=== WHAT YOU HAVE TO DO ===
From the line containing "Limones Muster Laptopschutzhülle" down to the final line of the entries below, return each line exactly and drop the pictures.

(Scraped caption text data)
↓↓↓

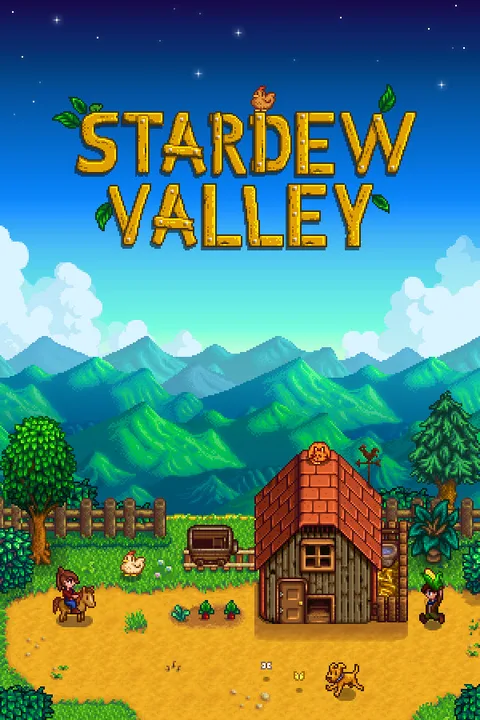 Capa oficial de Stardew Valley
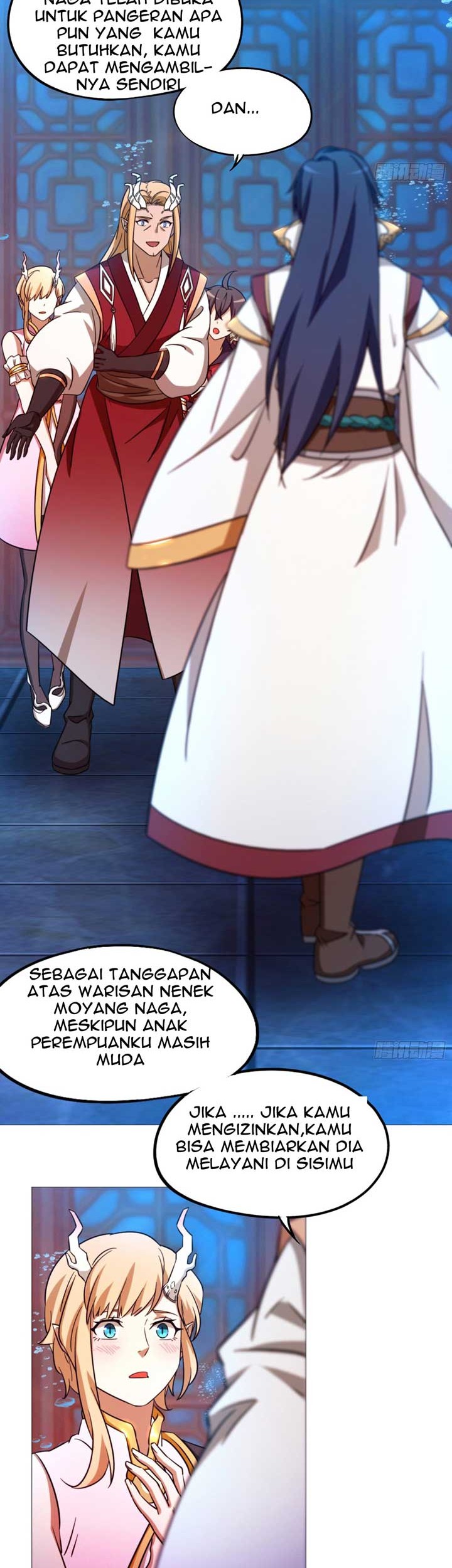 Everlasting God of Sword Chapter 129 Gambar 14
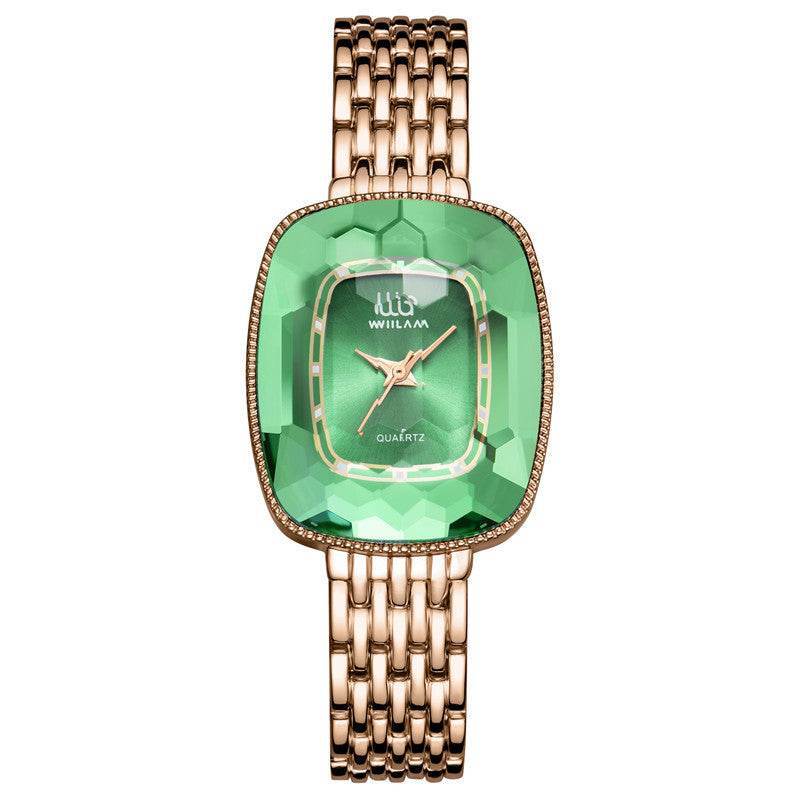Buycenter Honeycomb Women's Waterproof Fashion Watch - Stylish Green - Buy Center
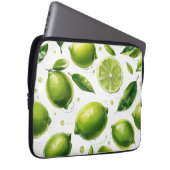 Limones Muster Laptopschutzhülle (Vorne Rechts)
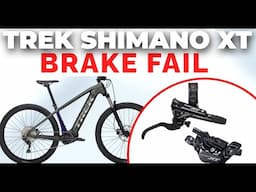 Shimano XT Brake Fail | Trek Powerfly 4 | How to Bleed Brakes | Brake Bleed Kit | Best Bike Tool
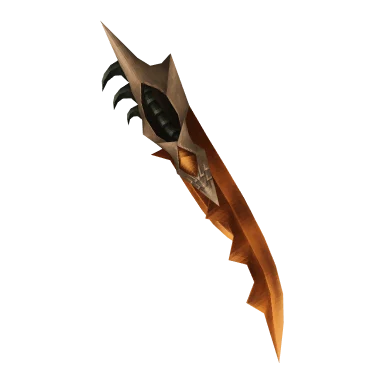 Iron Exoskeleton Sword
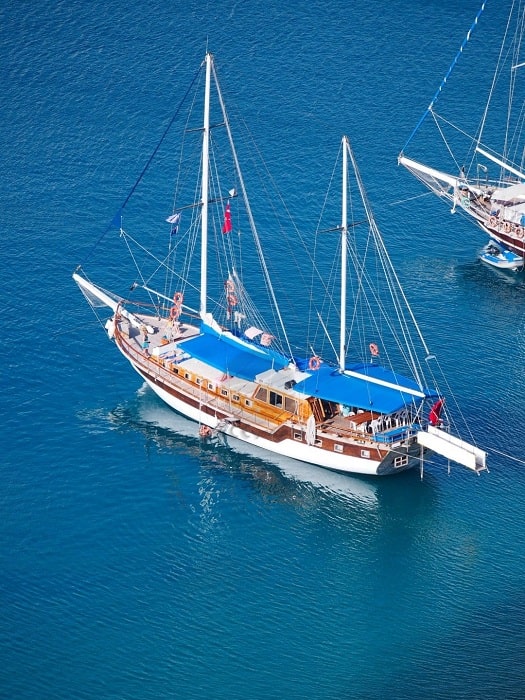 Bootsfahrt zu 12 Inseln von Fethiye
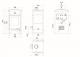 Krbov kamna AQUAFLAM VARIO  BARMA 11/7kW dlaba Blen Dub, elektronick regulace 1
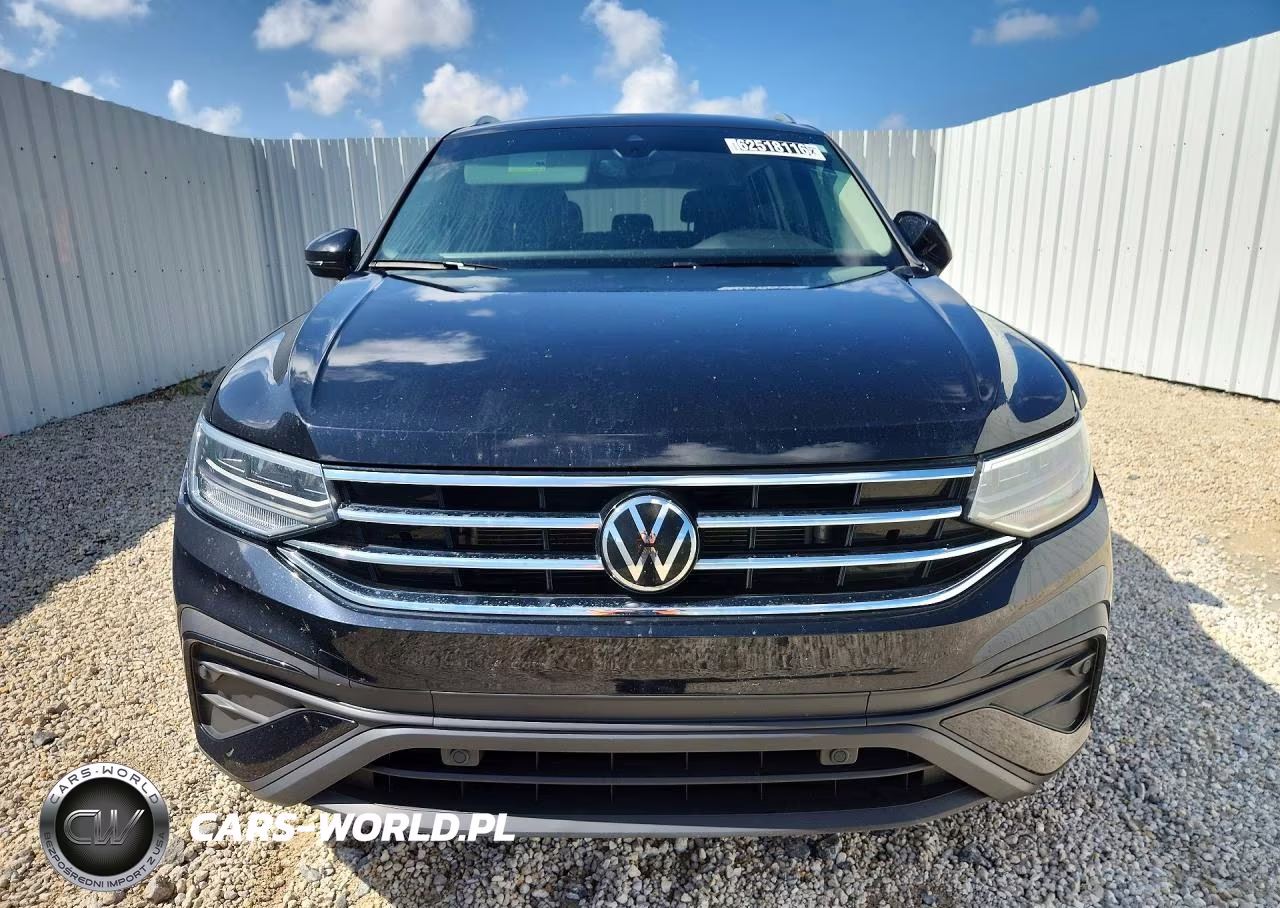 2024 Volkswagen Tiguan Se VIN:3VV2B7AX7RM122566 - 5
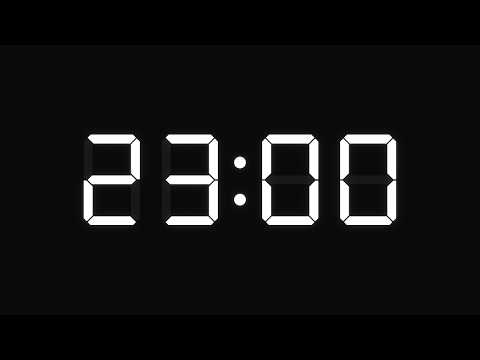 23 Minutes Timer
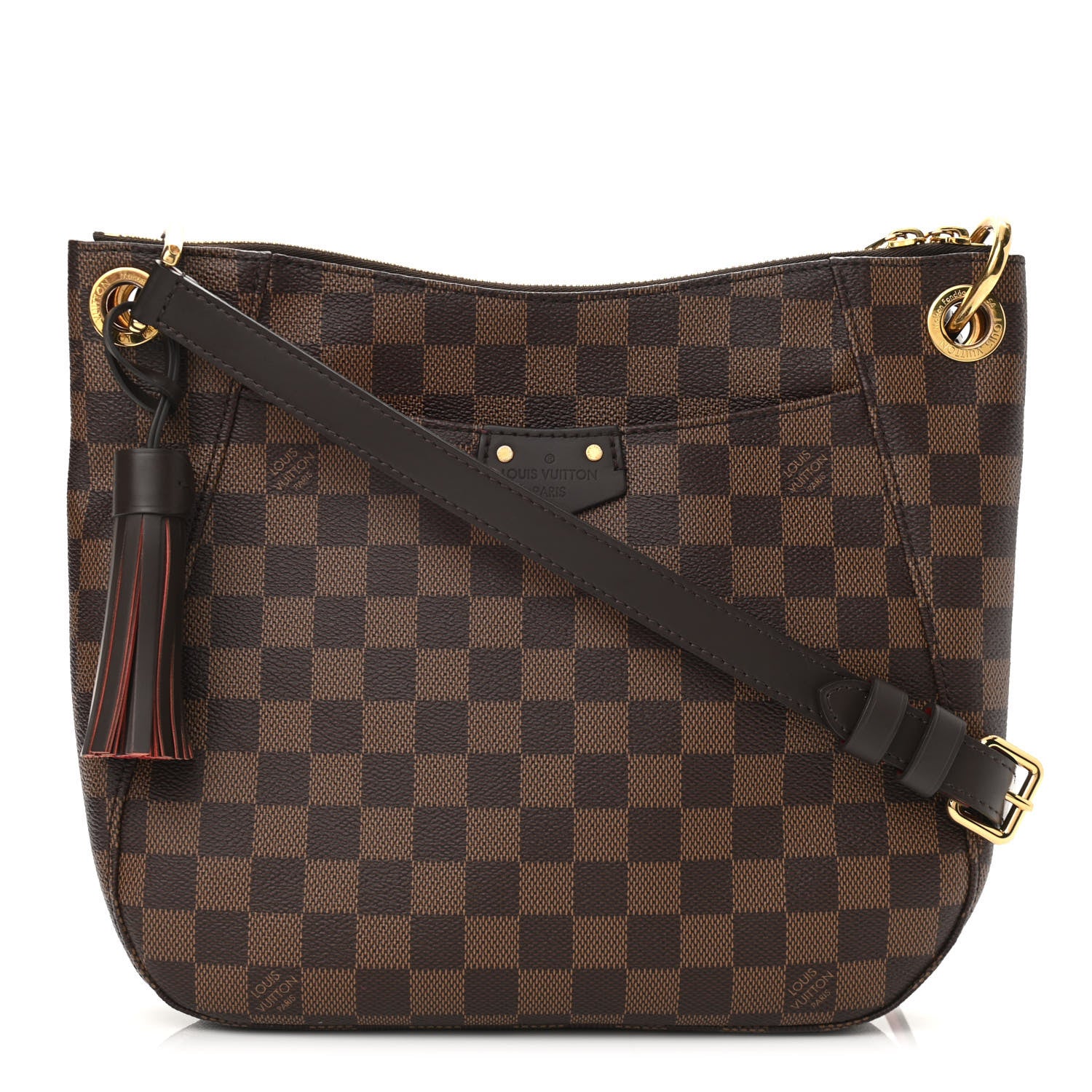 Louis Vuitton Damier Ebene South Bank Besace 1 of 9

↑↑↑

=== EXERCISE RESULT ===
 Limones Muster Laptopschutzhülle (Vorne Rechts)
 Shimano XT Brake Fail | Trek Powerfly 4 | How to Bleed Brakes | Brake Bleed Kit | Best Bike Tool
 Iron Exoskeleton Sword
 Bootsfahrt zu 12 Inseln von Fethiye
 Krbov kamna AQUAFLAM VARIO  BARMA 11/7kW dlaba Blen Dub, elektronick regulace 1
 2024 Volkswagen Tiguan Se VIN:3VV2B7AX7RM122566 - 5
 23 Minutes Timer
 Louis Vuitton Damier Ebene South Bank Besace 1 of 9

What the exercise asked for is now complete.